IBSEN project

Developing models of real-world societal scenarios and systems is a key topic in the research agenda of social sciences, but is hindered by the lack of controlled experimentation with large groups of people. IBSEN will provide a breakthrough by building a repertoire of human behavior in large (1000+ persons) structured groups using controlled experiments.

To that end, we will develop a novel setup for large groups of people that will provide an experimental protocol, the necessary software, and analytical tools to allow us to deal with thousands of people at the same time. We will apply our setup to specific research questions, focusing on novel phenomenology that may arise in large systems as compared to typical smaller ones, to find the rules that govern human behavior in those cases, including the influence of social context and individual identity on them.

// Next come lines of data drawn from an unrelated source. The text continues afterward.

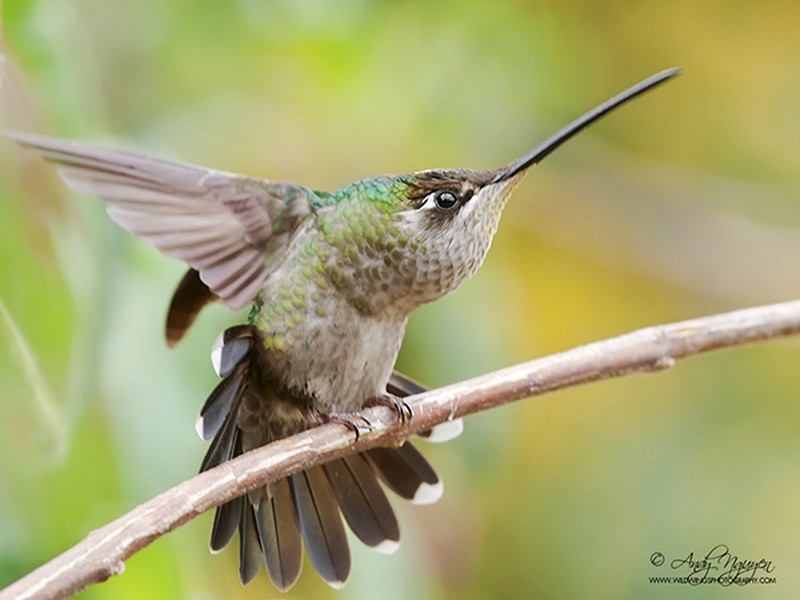 Những bức ảnh động vật tuyệt đẹp của 2 nhiếp ảnh gia gốc Việt - ảnh 4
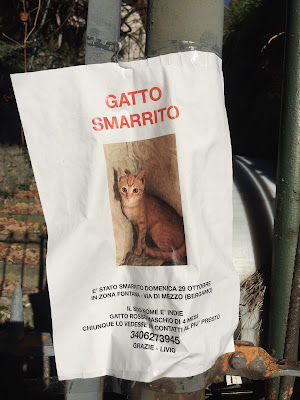 Poster for a lost male cat in Bergamo.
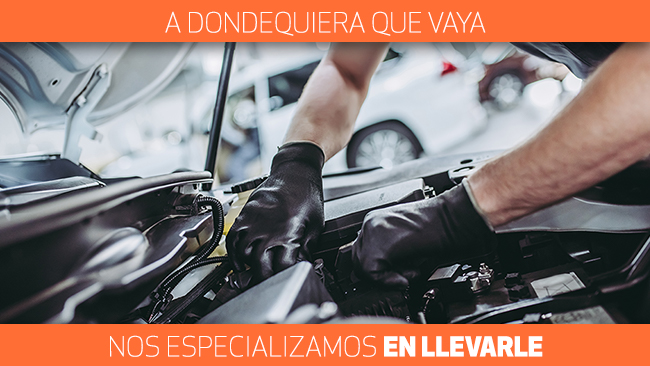 a dondequiera que vaya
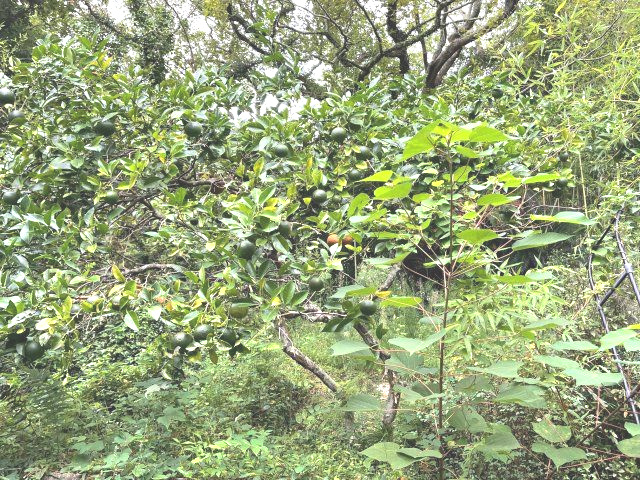 串間市大字西方の中古一戸建|裏山も含まれます。裏山には果樹があります。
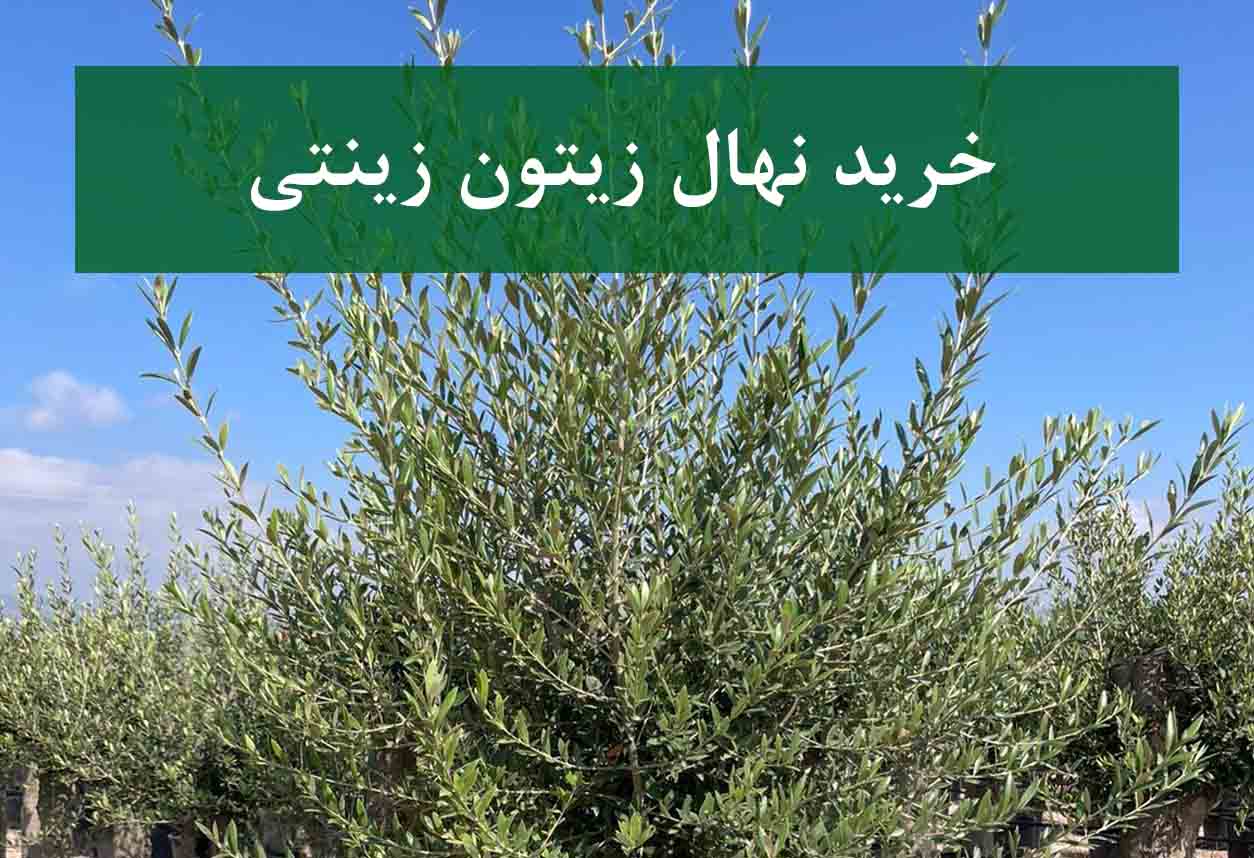 خرید نهال زیتون زینتی + نهال سالم و زیبا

We will assess our approach by building a model of human interaction in groups based on the behavioral rules we have found. The project requires a highdegree of interdisciplinarity; accordingly, the team consists of physicists, economists, social psychologists, and computer scientists. On the other hand, this is a high-risk project, as the experimental design may prove unfeasible for really large systems and extracting meaningful data from the participants’ actions may not be possible. Notwithstanding, encouraging results in some pilot studies run by partners underpin the scientific feasibility of the concept and approach. If successful, researchers will be able to build on our findings to develop a human behavior simulator, a technology providing a basis for socio-economic simulations that would radically change many fields, from robotics to economics, with technological and societal impacts, including policy-making in socially pressing issues. We will thus lay the foundations to kick start a new way of doing social science for the problems arising in a technologically highly connected society.

Horizon 2020 grant

This research is funded by a Horizon 2020 grant. The total grant amount is 2.6 million euro, with 400,000 euro earmarked for the UvA's Center for Nonlinear Dynamics in Economics and Finance (CeNDEF) and the Center for Research in Experimental Economics and Political Decision Making (CREED). The researchers involved are Cars Hommes, Joep Sonnemans, Cees Diks, Jan Tuinstra, Florian Wagener, Aljaz Ule, Marco van der Leij, Isabelle Salle, and Anita Kopanyi-Peuker. The duration of the project is three years, commencing 1 September 2015. 

Horizon 2020 is a Europese Commission programme to stimulate European research and innovation. Horizon 2020 started 1 January 2014 and is the successor of the Seventh Framework Programme (FP7).